╭─ Data to process
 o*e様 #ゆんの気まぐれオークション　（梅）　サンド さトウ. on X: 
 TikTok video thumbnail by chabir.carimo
╰─
╭─ Data to process
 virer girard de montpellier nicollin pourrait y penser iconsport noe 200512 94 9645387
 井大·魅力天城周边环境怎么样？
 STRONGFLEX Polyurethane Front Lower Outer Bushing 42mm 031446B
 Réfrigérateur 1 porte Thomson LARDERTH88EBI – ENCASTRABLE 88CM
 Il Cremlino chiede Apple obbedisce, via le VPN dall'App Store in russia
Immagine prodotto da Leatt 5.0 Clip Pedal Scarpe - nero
╰─
╭─ Data to process
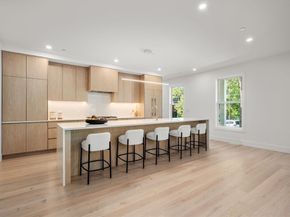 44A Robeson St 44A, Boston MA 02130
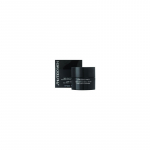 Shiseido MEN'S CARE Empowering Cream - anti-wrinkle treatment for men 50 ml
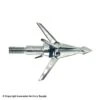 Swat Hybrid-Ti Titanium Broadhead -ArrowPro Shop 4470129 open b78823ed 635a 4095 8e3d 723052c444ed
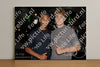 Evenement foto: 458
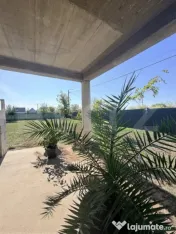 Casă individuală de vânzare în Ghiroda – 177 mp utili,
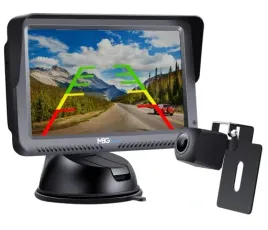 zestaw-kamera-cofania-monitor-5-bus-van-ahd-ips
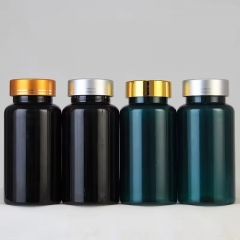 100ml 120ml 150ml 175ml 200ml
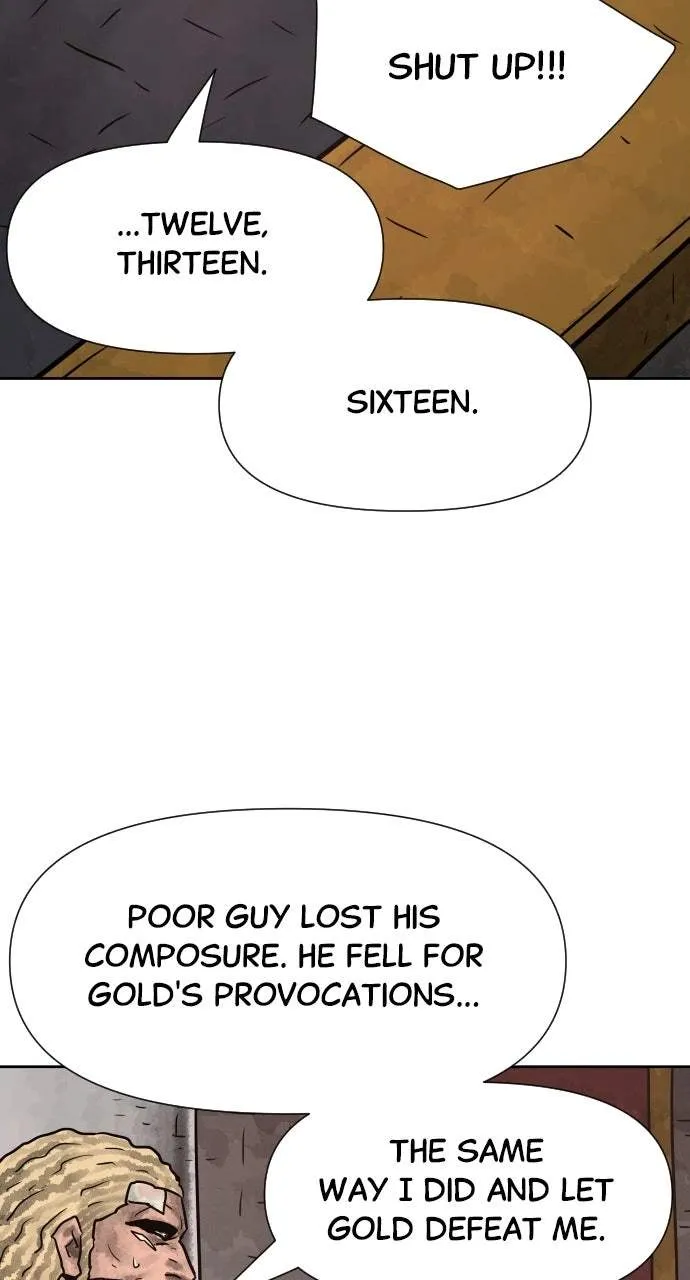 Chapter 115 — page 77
╰─
Work instruction: Beginning with the line holding "Shiseido MEN'S CARE" in the material above, restate word for word each line through the line holding "Chapter 115 — page 77", and exclude pictures.

Task solution:
 Shiseido MEN'S CARE Empowering Cream - anti-wrinkle treatment for men 50 ml
 Swat Hybrid-Ti Titanium Broadhead -ArrowPro Shop 4470129 open b78823ed 635a 4095 8e3d 723052c444ed
 Evenement foto: 458
 Casă individuală de vânzare în Ghiroda – 177 mp utili,
 zestaw-kamera-cofania-monitor-5-bus-van-ahd-ips
 100ml 120ml 150ml 175ml 200ml
 Chapter 115 — page 77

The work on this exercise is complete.